Reserved for scalpers with tight stops on highly liquid pairs. Liquidation in 2-4%. One wick away from zero. Most retail uses this and dies.

100x - 125x
Gambling

Marketing toy. Liquidation under 1%. Fees and slippage eat your expected value even when you are right on direction. Do not.

The honest truth nobody at an exchange will say out loud is that high leverage exists because it generates fees and liquidations, both of which are revenue for the platform. When Binance, Bybit, or OKX put 125x in the leverage slider, they are not offering you a trading tool. They are offering you an extremely fast way to convert your deposit into their insurance fund. The deeper you go into the slider, the closer the experience gets to a slot machine. Read more on this dynamic in our dedicated leverage trading guide.

Isolated Margin vs Cross Margin

Every margin position you ever open will run in one of two modes, and the choice changes how a losing trade interacts with the rest of your account. This is the single most important risk setting on the order ticket, and most beginners ignore it entirely.

Isolated margin assigns a specific amount of collateral to a single position. If the trade goes against you, only that allocated collateral can be lost. The rest of your margin wallet is untouched. The downside is that the position liquidates faster because it cannot pull additional collateral from elsewhere. The upside is that one bad trade cannot blow up your entire account.

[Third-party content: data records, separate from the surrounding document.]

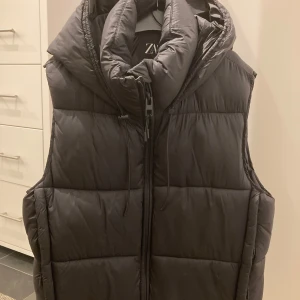 Svart dunväst med huva från Zara - Svart dunväst från Zara med vadderad huva och dragkedja framtill. Enkel att ha med olika outfits, både sommar och vinter. Västen är vattenavvisande, vindtät, lättviktig och andas.
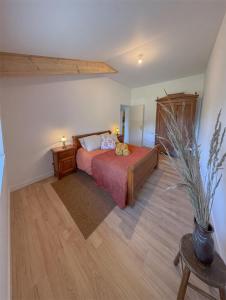 a bedroom with a bed and a potted plant at Maison de campagne T3 Nature in La Martre
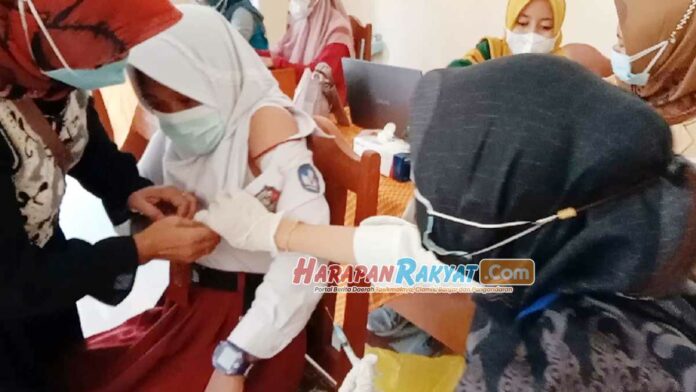 Vaksinasi Dosis Pertama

Cross margin uses your entire margin wallet balance as the collateral pool for every open position. Losing trades draw down the shared balance, which means a losing position has a much wider buffer before it liquidates. The downside is severe. A single position that goes badly wrong can drain every other position with it, and a cascade across correlated trades can zero an entire account in one move. Cross margin is appropriate for hedged portfolios where positions offset each other. It is not appropriate for directional retail trading.

For 95% of beginners and even most intermediate traders, isolated margin is the right default. It enforces position level risk and forces you to think about how much you are willing to lose on each individual idea. Cross margin should be reserved for traders who have built actual hedges and understand correlation, not as a way to delay liquidation by a few extra percent.

Comparison of isolated margin and cross margin modes on a crypto exchange with position level risk indicators
Isolated margin caps the damage. Cross margin shares it across every open position.

Where to Margin Trade Crypto in 2026

The margin trading venue you choose affects fees, available leverage, asset coverage, and the quality of the liquidation engine. Here are the major options retail traders actually use in 2026, with the honest tradeoffs of each.

Binance Margin is the largest by volume. It offers spot margin (up to 10x on major pairs) and perpetual futures with leverage up to 125x on BTC and ETH. Liquidity is unmatched, fees are low, and the matching engine handles enormous volume without slippage. The downside is regulatory complexity in some jurisdictions, including the US where Binance.US is a separate, more limited entity.

Bybit built its reputation on derivatives and remains a primary venue for perp futures traders. Leverage goes up to 100x on BTC and ETH. The interface is cleaner than Binance for new derivatives traders, and copy trading features are well integrated. Fees are competitive and the platform pays funding rebates in some conditions.

Kraken Pro offers spot margin up to 5x on a curated list of assets. Leverage is conservative compared to offshore venues, but Kraken has the strongest US regulatory posture of any major derivatives platform. If you are based in the US and want margin without legal ambiguity, Kraken Pro is usually the right call. See our broader exchanges comparison for tradeoffs.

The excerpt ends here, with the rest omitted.